# What this task involves
Please write out the listing exactly, leaving each picture out.

# Source material
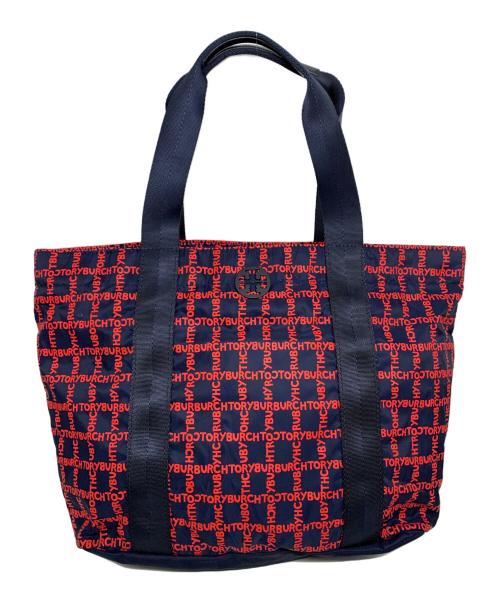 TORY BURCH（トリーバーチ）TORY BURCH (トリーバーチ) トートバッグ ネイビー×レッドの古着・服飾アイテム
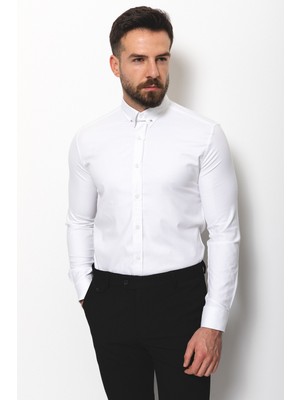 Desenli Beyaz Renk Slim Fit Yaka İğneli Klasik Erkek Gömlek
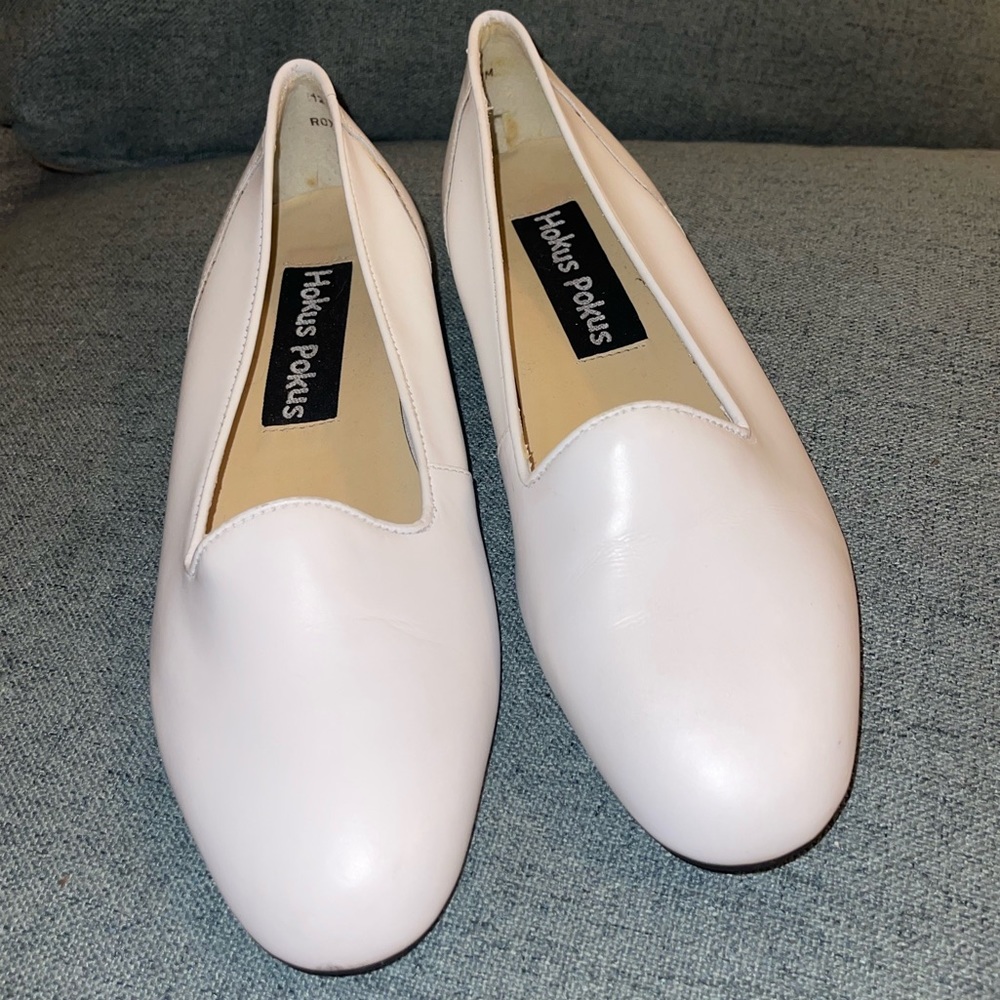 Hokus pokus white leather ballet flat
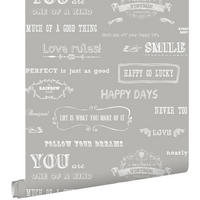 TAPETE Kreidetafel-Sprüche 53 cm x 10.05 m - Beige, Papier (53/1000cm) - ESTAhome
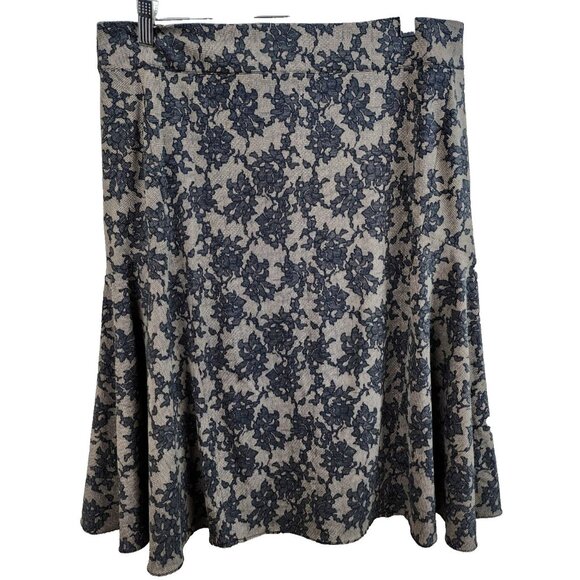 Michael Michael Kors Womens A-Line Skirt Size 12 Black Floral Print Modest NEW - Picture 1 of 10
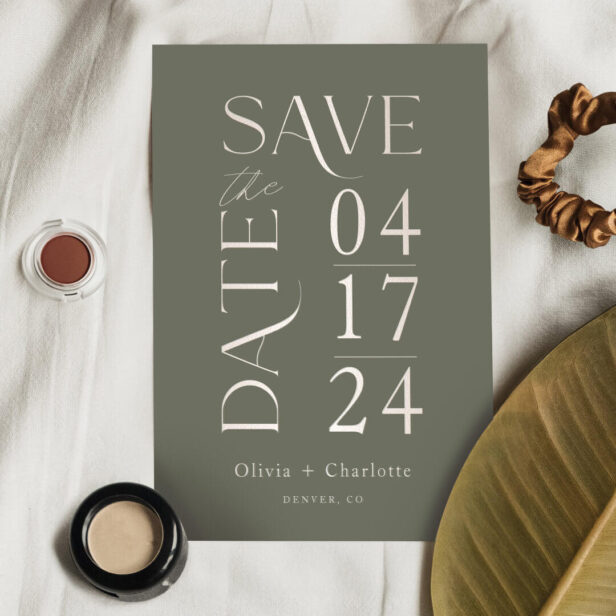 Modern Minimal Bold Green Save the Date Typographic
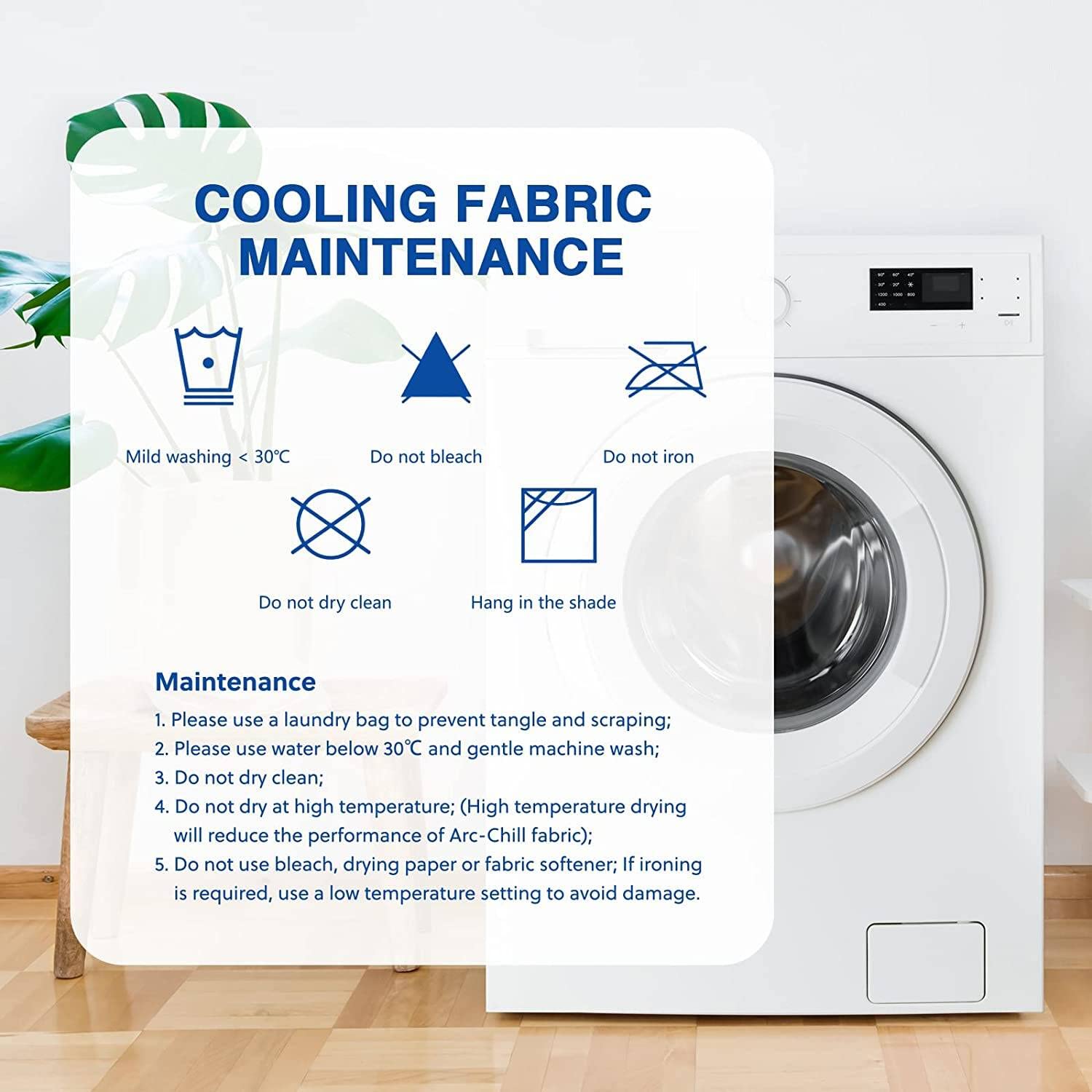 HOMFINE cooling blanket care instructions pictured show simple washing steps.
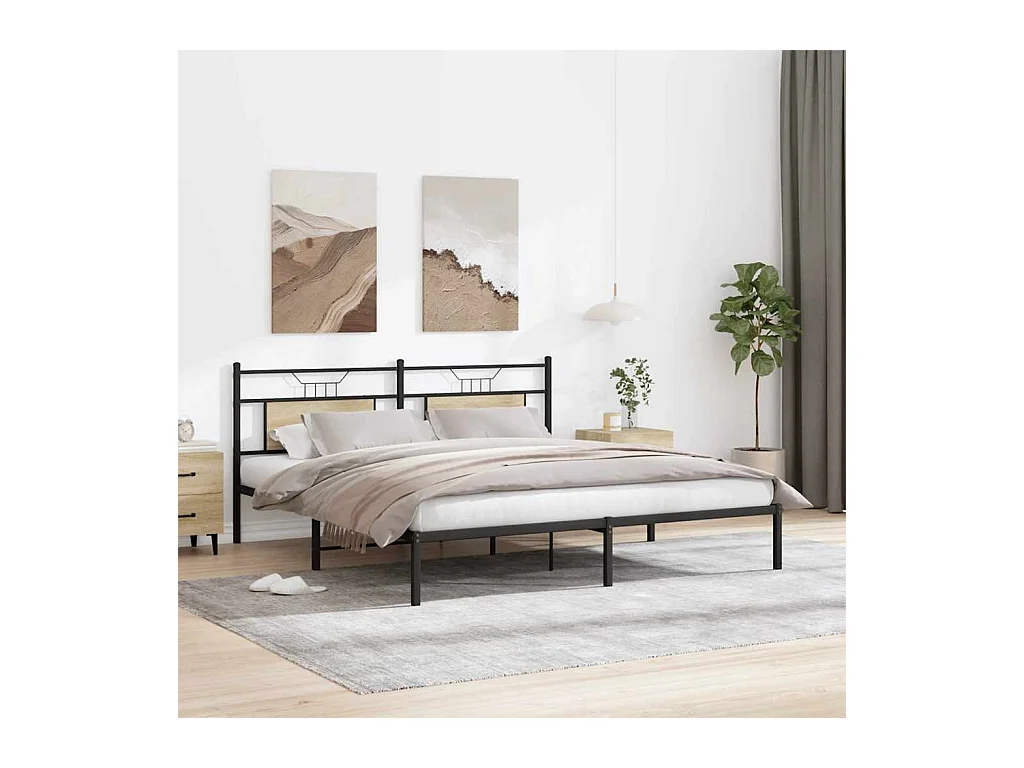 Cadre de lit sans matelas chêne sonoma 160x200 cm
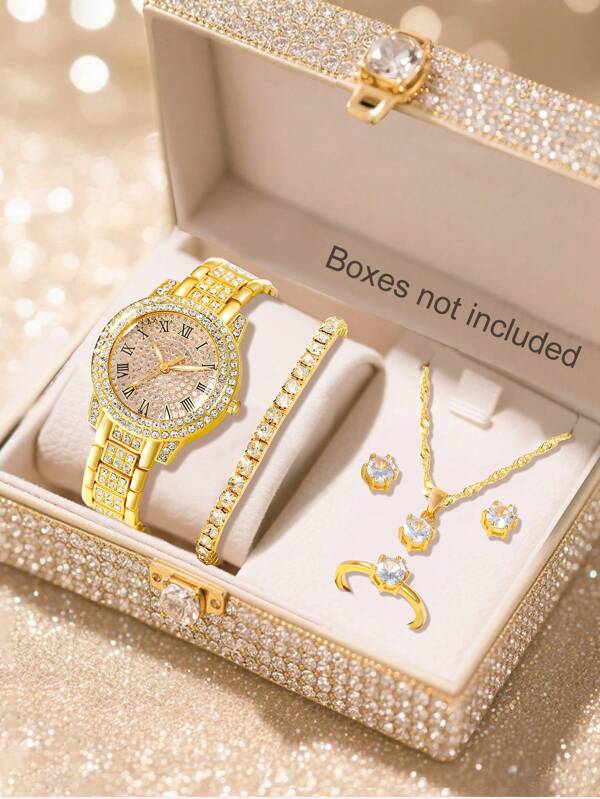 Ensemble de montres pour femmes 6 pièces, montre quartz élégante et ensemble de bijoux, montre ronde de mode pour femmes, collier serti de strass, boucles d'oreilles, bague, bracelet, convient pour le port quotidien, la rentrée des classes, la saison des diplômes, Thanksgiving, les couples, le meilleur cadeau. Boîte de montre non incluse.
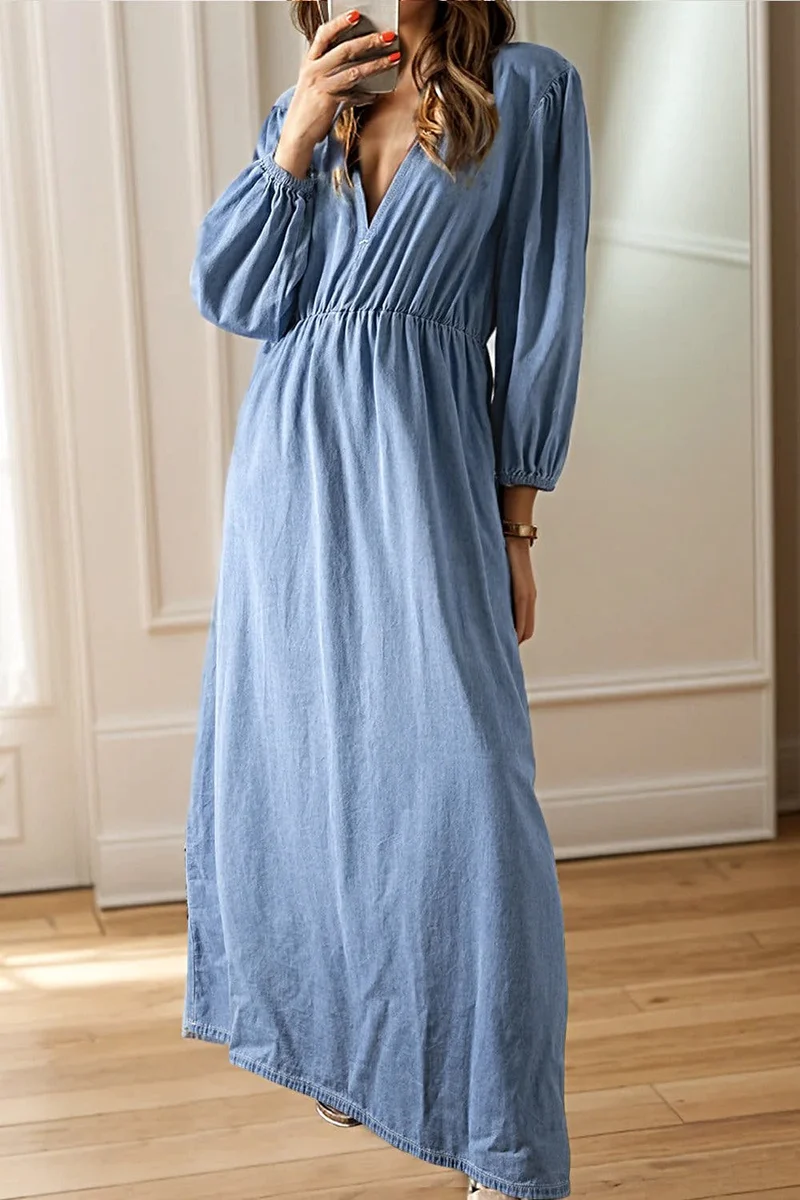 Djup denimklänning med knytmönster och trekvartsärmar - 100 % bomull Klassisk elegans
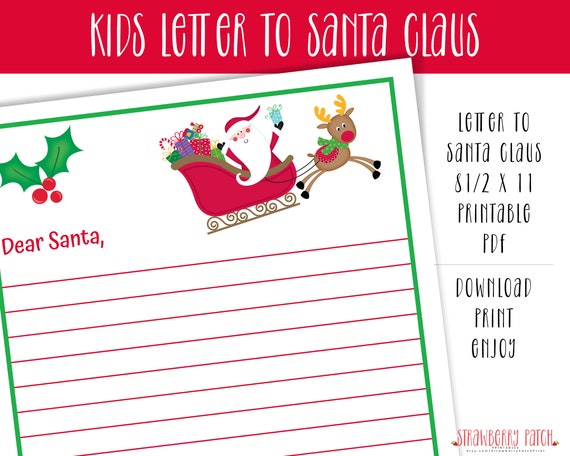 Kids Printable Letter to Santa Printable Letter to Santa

# Answer below
 TORY BURCH（トリーバーチ）TORY BURCH (トリーバーチ) トートバッグ ネイビー×レッドの古着・服飾アイテム
 Desenli Beyaz Renk Slim Fit Yaka İğneli Klasik Erkek Gömlek
 Hokus pokus white leather ballet flat
 TAPETE Kreidetafel-Sprüche 53 cm x 10.05 m - Beige, Papier (53/1000cm) - ESTAhome
 Michael Michael Kors Womens A-Line Skirt Size 12 Black Floral Print Modest NEW - Picture 1 of 10
 Modern Minimal Bold Green Save the Date Typographic
 HOMFINE cooling blanket care instructions pictured show simple washing steps.
 Cadre de lit sans matelas chêne sonoma 160x200 cm
 Ensemble de montres pour femmes 6 pièces, montre quartz élégante et ensemble de bijoux, montre ronde de mode pour femmes, collier serti de strass, boucles d'oreilles, bague, bracelet, convient pour le port quotidien, la rentrée des classes, la saison des diplômes, Thanksgiving, les couples, le meilleur cadeau. Boîte de montre non incluse.
 Djup denimklänning med knytmönster och trekvartsärmar - 100 % bomull Klassisk elegans
 Kids Printable Letter to Santa Printable Letter to Santa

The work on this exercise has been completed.